Ese enlace, en el orden político, generó a posteriori un duelo al sol entre Cascos y Marqués, presidente del PP que gobernaba en aquella época Asturias. Marqués y su señora apoyaron a la ex mujer del todopoderoso vicepresidente y boicotearon la presencia de Gema en los actos oficiales y de la alta burguesía ovetense. Álvarez-Cascos reaccionó con ira, en él tan habitual. Empezó el acoso y derribo a Marqués hasta que tuvo que marcharse del PP, se tambaleó el Gobierno asturiano y, gracias en parte a la famosa boda, pudo regresar la izquierda al puente de mando del Principado. ¿Constituyó el ataque de Álvarez-Cascos un acontecimiento público o privado?
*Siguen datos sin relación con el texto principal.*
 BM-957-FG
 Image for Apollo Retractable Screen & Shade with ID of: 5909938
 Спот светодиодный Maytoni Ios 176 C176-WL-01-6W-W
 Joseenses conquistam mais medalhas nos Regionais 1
La respuesta sería oportuno que la facilitara Rodríguez Ibarra, tan solidario ahora con quien manejaba, en nombre de Aznar, los hilos políticos de la conspiración que buscaba derribar a Felipe González, objetivo alcanzado en marzo de 1996, como nadie debiera olvidar ocho años después. ¿No se acuerda el presidente extremeño de la boda cordobesa? ¿Tampoco recuerda la presencia en primer plano de María Porto ante los periodistas el día en el que Cascos anunció su retirada de la vida pública o política? ¿No vio las fotos navideñas de la pareja en Lanzarote? ¿De qué va Rodríguez Ibarra?